----- EXERCISE DATA -----

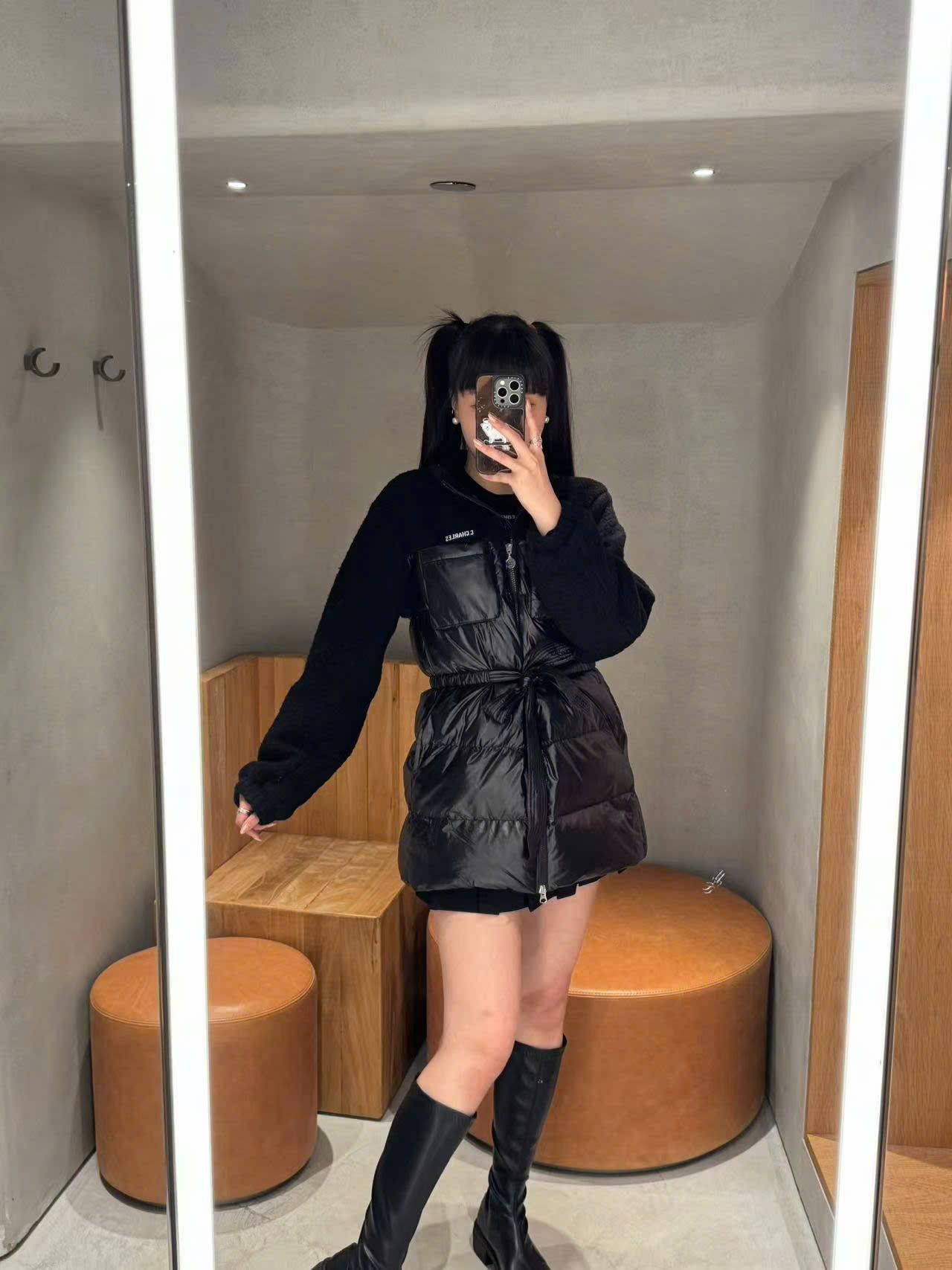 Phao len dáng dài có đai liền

-----
----- EXERCISE DATA -----

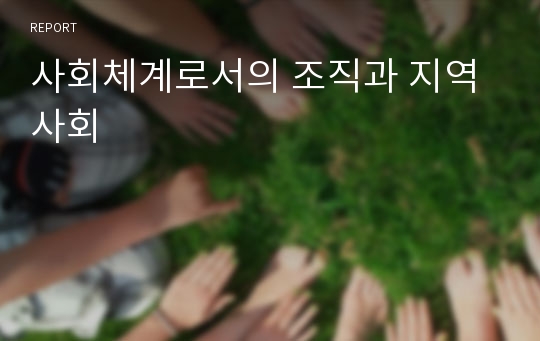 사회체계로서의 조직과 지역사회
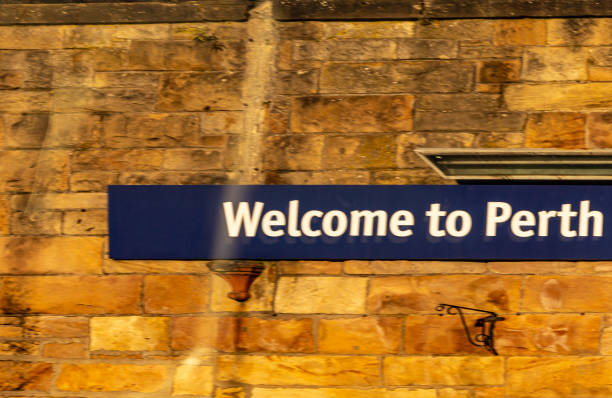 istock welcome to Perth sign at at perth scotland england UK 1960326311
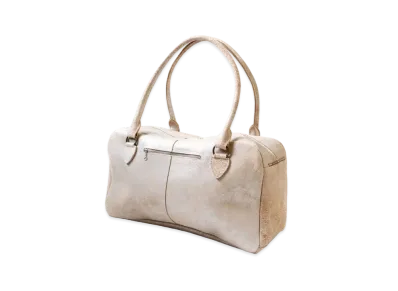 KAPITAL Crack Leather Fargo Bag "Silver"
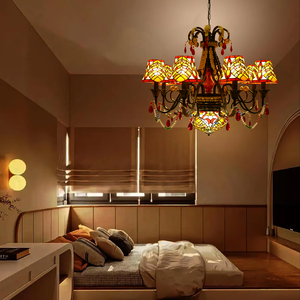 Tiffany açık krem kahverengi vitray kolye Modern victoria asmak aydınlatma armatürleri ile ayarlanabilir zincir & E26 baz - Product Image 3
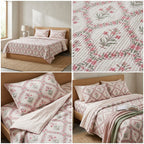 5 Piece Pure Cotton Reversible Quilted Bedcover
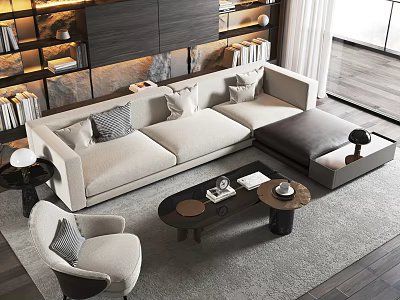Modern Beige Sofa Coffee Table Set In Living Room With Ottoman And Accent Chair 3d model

-----

#### WORK INSTRUCTIONS
Write out exactly the lines above between the one with "5 Piece Pure" and the one with "Modern Beige Sofa", inclusive, with pictures left out.

#### SOLUTION FOR THIS EXERCISE
 5 Piece Pure Cotton Reversible Quilted Bedcover
Modern Beige Sofa Coffee Table Set In Living Room With Ottoman And Accent Chair 3d model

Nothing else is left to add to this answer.